> _Task directions_: Your response should be the complete data, transcribed exactly.

> _Input data_:
-.-.-

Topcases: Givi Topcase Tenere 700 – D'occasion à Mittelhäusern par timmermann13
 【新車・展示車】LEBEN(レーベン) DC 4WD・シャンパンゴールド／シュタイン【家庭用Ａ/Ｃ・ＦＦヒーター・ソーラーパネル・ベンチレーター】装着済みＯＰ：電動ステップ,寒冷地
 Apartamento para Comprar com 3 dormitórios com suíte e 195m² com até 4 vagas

-.-.-

> _Finished exercise_:
Topcases: Givi Topcase Tenere 700 – D'occasion à Mittelhäusern par timmermann13
 【新車・展示車】LEBEN(レーベン) DC 4WD・シャンパンゴールド／シュタイン【家庭用Ａ/Ｃ・ＦＦヒーター・ソーラーパネル・ベンチレーター】装着済みＯＰ：電動ステップ,寒冷地
 Apartamento para Comprar com 3 dormitórios com suíte e 195m² com até 4 vagas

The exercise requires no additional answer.